La espiral imaginada
La capacidad de anticipación de las personas es grande, tanto como la capacidad de imaginar posibles resultados ante la incertidumbre. Como hemos traído a estas líneas con anterioridad, imaginar el futuro a partir de pocos datos es una herramienta indispensable para prepararnos a actuar en el momento que corresponda y, para ello, en cierto modo nos retamos mentalmente a desplegar los recursos necesarios para afrontar una situación concreta antes de que dicho despliegue sea necesario en la realidad. No nos imaginamos entonces solamente cómo saldrán las cosas, sino también nuestra propia actuación, incluso nuestros propios pensamientos y emociones.

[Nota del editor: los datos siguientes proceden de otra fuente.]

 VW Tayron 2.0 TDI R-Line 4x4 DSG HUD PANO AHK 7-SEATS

Ese despliegue imaginativo de la realidad externa e interna y la proyección de nosotros mismos en ese futuro hipotético es como una exploración, un ensayo vivido de lo que creemos que nos va a suceder por dentro cuando llegue el momento. Sin embargo, en ocasiones somos tan potentes y convincentes con nosotros mismos, que “nos pasamos de frenada”.

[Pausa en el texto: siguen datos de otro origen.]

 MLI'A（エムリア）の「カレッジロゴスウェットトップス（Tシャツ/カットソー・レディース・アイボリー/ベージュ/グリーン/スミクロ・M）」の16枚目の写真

A veces, los escenarios desbordantes resultantes, difícilmente manejables, son el fruto de esa misma capacidad de análisis sumada a la desbordante imaginación que nos preparan para los futuros posibles, solo que matizada por la emoción subyacente de miedo ante la incertidumbre que ha desencadenado el proceso.
Popularmente, a la primera parte la llamamos “ponernos en lo peor”, solo que, cuando nos pasamos de explícitos o grandilocuentes, a veces no somos capaces de distinguir emocionalmente la fantasía del recuerdo o la anticipación y llegamos a reaccionar con consternación, impotencia o terror a lo que nos hemos imaginado. Habitualmente, cuanto más temor tenemos a esa situación incierta, más aterradoras suelen ser nuestras anticipaciones, llegando a paralizarnos más de lo que cabría esperar si esa situación que imaginamos realmente se diera.

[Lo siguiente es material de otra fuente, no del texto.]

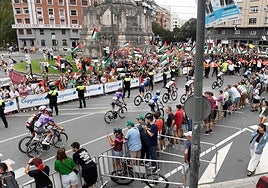 Activistas propalestinos protestan contra la presencia del Israel Premier Tech en el Sagrado Corazón de Bilbao.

Nuestra capacidad para anticiparnos puede, por tanto, ser la misma que nos lleve a un callejón sin salida en un momento dado. Quizá podamos darnos cuenta de que esto está pasando cuando nos encontramos dándole demasiadas vueltas a lo mismo, abundando internamente en los mismos detalles amenazantes, oscuros o inciertos, y dejando progresivamente fuera cualquier otro camino. Cuando nos encontramos recreando lo mismo, probablemente estemos encallados en esa imaginación falsamente preparatoria. Y no porque no nos ayude a prevenir lo que puede venir, sino porque nos está arrebatando la capacidad de reaccionar diferente.
En un principio, esa anticipación servía para prepararnos, y para ello, buscamos en los recovecos de la mente en busca de asociaciones relevantes entre lo que conocemos del pasado y lo que nos imaginamos de ese futuro, para encontrar una solución creativa a un desafío por venir. Sin embargo, cuando nos atrapamos en esa espiral descendente de imaginación estancada, ya no creamos nuevas categorías de respuesta, no nos inventamos la posible solución, sino que amasamos una y otra vez, rumiamos solo un aspecto –relevante, sí– de la situación. El resultado suele ser una sensación de “viscosidad mental”, de dificultad para pensar, de limitación y profunda incapacidad.
Sin embargo, aún existe la posibilidad de reconectar con lo que empezamos a hacer al inicio de todo el proceso, y es que la exploración sigue estando ahí. Es el momento entonces de dejar de intentar encontrar soluciones y volver a centrarse en uno mismo, una misma, cambiar de actividades para que los estímulos sean nuevos, que entre aire fresco a nuestra búsqueda de adaptación. También es el momento de cambiar de escenario para pensar desde otro lugar, lo que sucederá gracias a las sensaciones propias de ese otro lugar.
Y quizá lo más importante, recordar que lo que sea que nos atormenta, todavía no ha pasado y, si encontramos la manera de reconectar con nuestras capacidades, deseo, incluso nuestro propio cuerpo, también recuperaremos la capacidad de que la imaginación estancada empiece a fluir de nuevo.